For the most part, theories of how we make such choices have been rooted in economics and aesthetics, even when those theories have drawn on neuroscience and human neuroimaging. We suggest that when formulating a theory of how preferences and choices are constructed, researchers should also consider how visual objects are perceptually processed. Evidence suggests that concrete, real-world economic decisions—buying things—are governed as much by vision as by emotion or conscious decisionmaking. Neuroscientific insights into visual processing, we maintain, can inform the understanding of how consumers make their decisions—a matter of obvious interest to marketers and, perhaps, to consumers themselves.

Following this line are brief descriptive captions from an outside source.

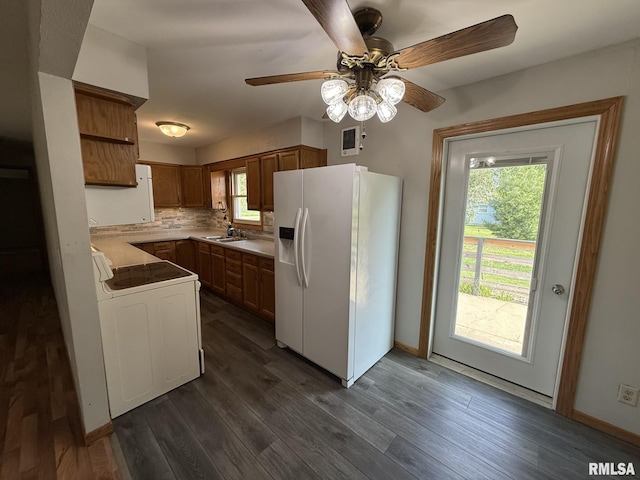 503 Lafayette St, Lafayette, IL 61449 - kitchen featuring white fridge with ice dispenser, stove, dark wood-style floors, ceiling fan, and decorative backsplash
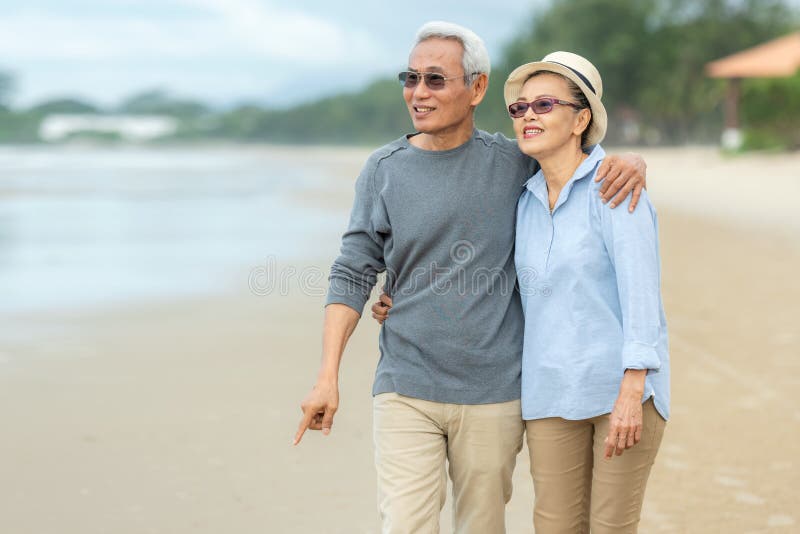 Lifestyle asian senior couple happy walking and relax on the beach.  Tourism elderly family travel leisure and activity after retirement in vacations and summer. Lifestyle asian senior couple happy walking and relax on the beach.  Tourism elderly family travel leisure and activity after retirement in vacations and summer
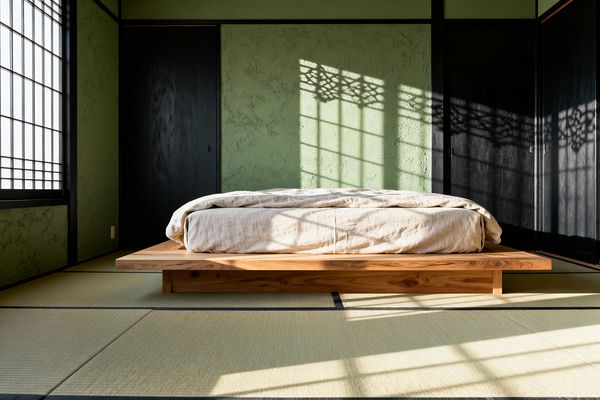 A minimalist Japanese bedroom centers a low solid wood platform bed with off-white linen on woven tatami mats. Textured sage-green plaster walls are articulated by black timber framing and sliding doors. At left, a shoji window filters sunlight, projecting geometric lattice shadows across the wall and floor. The room is uncluttered and symmetrical, emphasizing natural materials, muted colors, and calm proportions that evoke a Zen retreat.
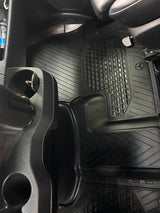 RV rental interior: black rubber floor mats with Mercedes-Benz logo, showing a clean passenger footwell and cup holder.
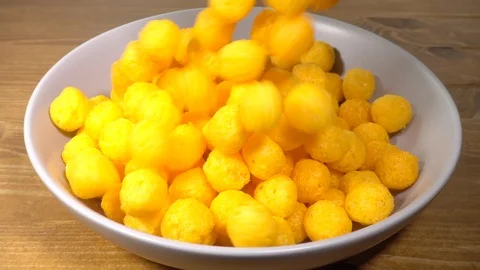 Normal speed and slow motion – Cheese balls snack falling into a bowl. Video stock 105909535
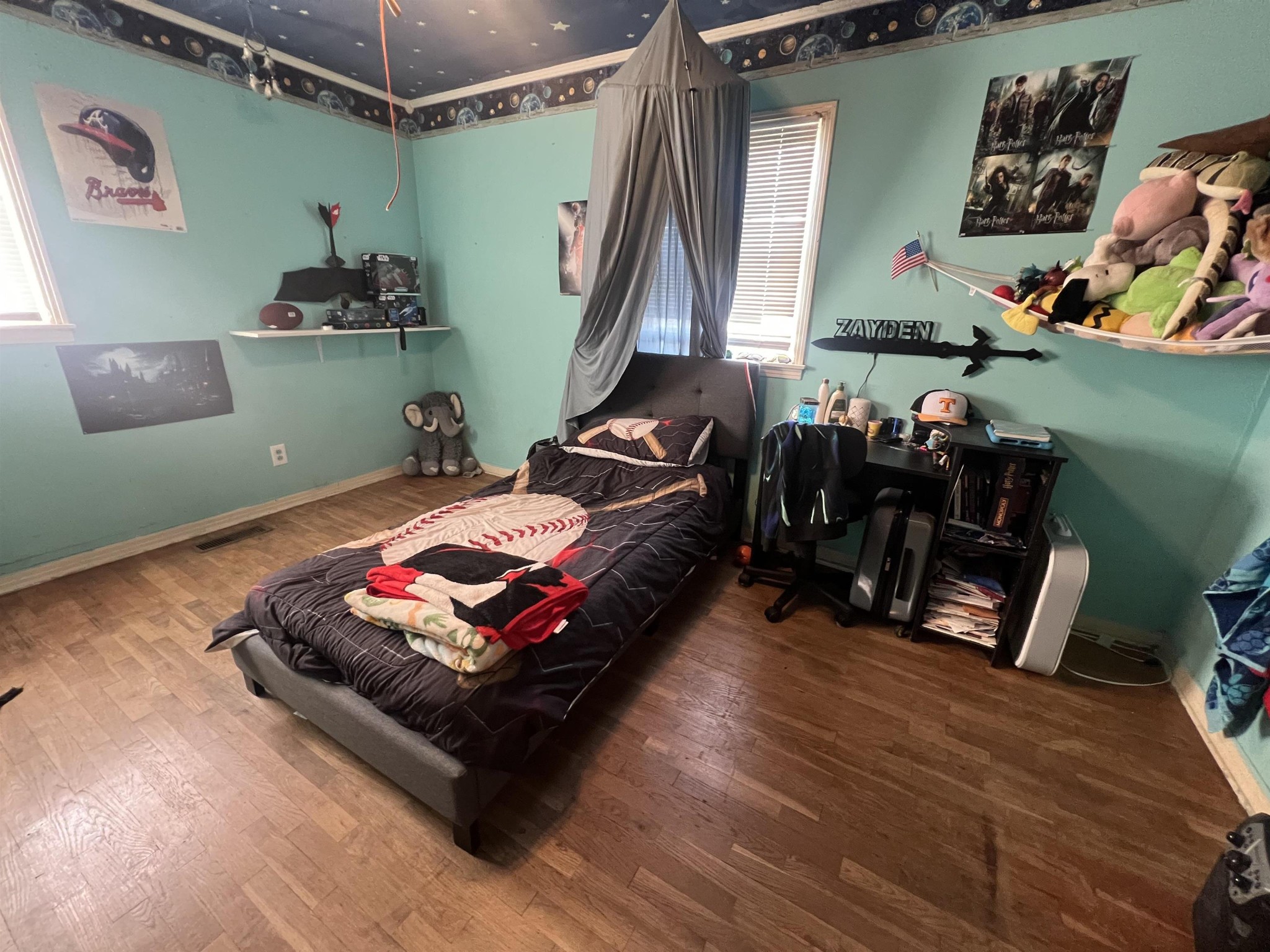 65 Walnut Street Savannah, TN 38372 - Photo 13 of 18 a living room with furniture and a wooden floor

It has been known for decades that 30 percent of the human cortex is wired for vision and, ultimately, object and scene perception. Historically, the study of vision has been focused on how we extract physical properties— for example, color, shape, texture, or size—from images of objects. But of late, visual neuroscientists have come to realize that vision is not a one-way street but, rather, is an integral participant in how we think, feel, and react to the world. Modern visual neuroscience considers how visual processing contributes to and interacts with both nonperceptual and noncognitive domains. Because of this, the study of vision has increasingly asked how the visual cortex extracts nonphysical properties—for example, social or affective characteristics—from object images. Most saliently, extensive work has been done to explore how affective processing interacts with the processing of visual objects believed to carry socially relevant or highly affective content: faces (Vuilleumier and Pourtois 2007) and highly emotional scenes (Sabatinelli et al. 2011). In our own research, however, we take the view that everyday objects carry affective significance that influences our behavior. Moreover, intangible properties such as affective valence are part and parcel of the automatic, obligatory processing applied unconsciously by our visual systems to all objects (Lebrecht et al. 2012).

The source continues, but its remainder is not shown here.